Starting with the line that contains "all-about-indihome-season-xi---part-4", give again exactly and only each line through the end of the records; include the last line and exclude pictures.
[Opening Exercise material section]
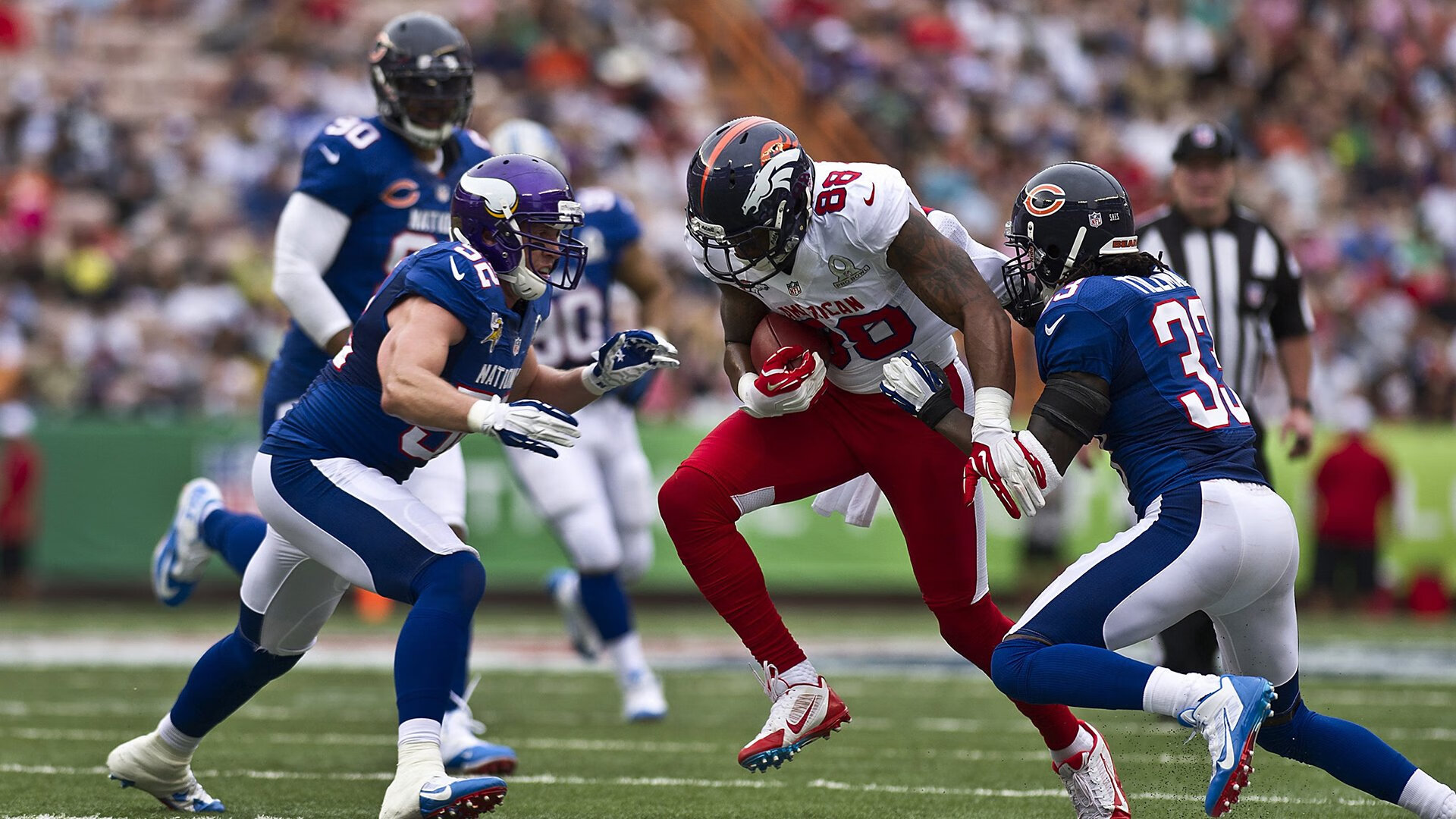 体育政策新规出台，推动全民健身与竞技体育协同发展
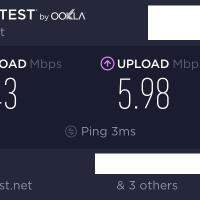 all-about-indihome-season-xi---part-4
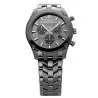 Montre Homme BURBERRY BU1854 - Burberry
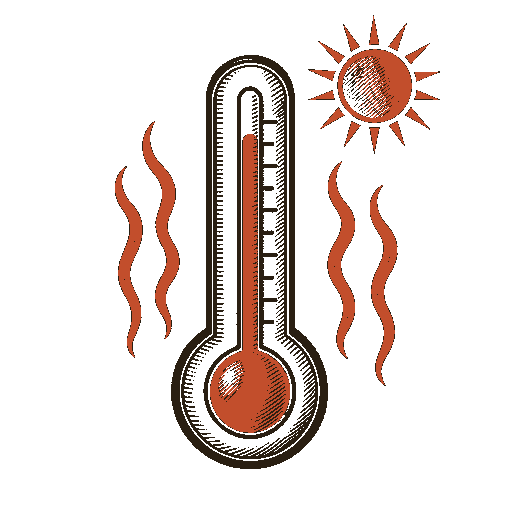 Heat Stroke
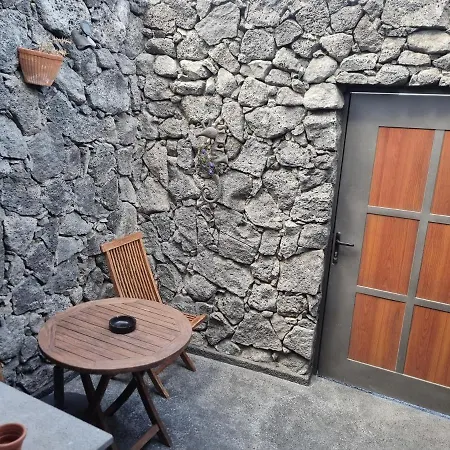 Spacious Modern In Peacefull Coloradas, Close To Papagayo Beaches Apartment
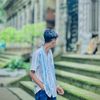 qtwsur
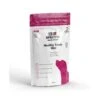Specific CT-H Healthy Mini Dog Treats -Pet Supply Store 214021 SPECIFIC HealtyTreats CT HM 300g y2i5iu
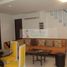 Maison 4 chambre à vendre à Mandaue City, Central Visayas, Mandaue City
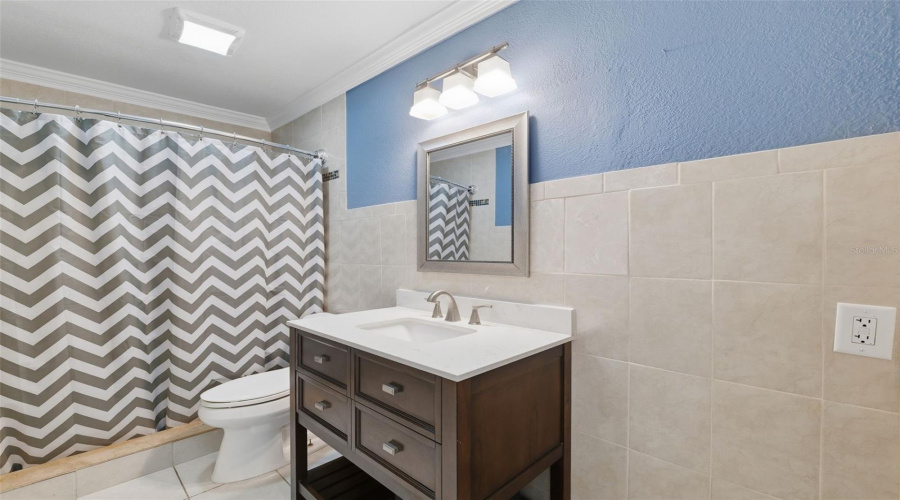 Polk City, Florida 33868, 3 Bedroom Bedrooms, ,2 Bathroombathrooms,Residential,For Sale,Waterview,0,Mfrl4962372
[Closing Exercise material section]
| Answer to this problem |
 all-about-indihome-season-xi---part-4
 Montre Homme BURBERRY BU1854 - Burberry
 Heat Stroke
 Spacious Modern In Peacefull Coloradas, Close To Papagayo Beaches Apartment
 qtwsur
Specific CT-H Healthy Mini Dog Treats -Pet Supply Store 214021 SPECIFIC HealtyTreats CT HM 300g y2i5iu
 Maison 4 chambre à vendre à Mandaue City, Central Visayas, Mandaue City
 Polk City, Florida 33868, 3 Bedroom Bedrooms, ,2 Bathroombathrooms,Residential,For Sale,Waterview,0,Mfrl4962372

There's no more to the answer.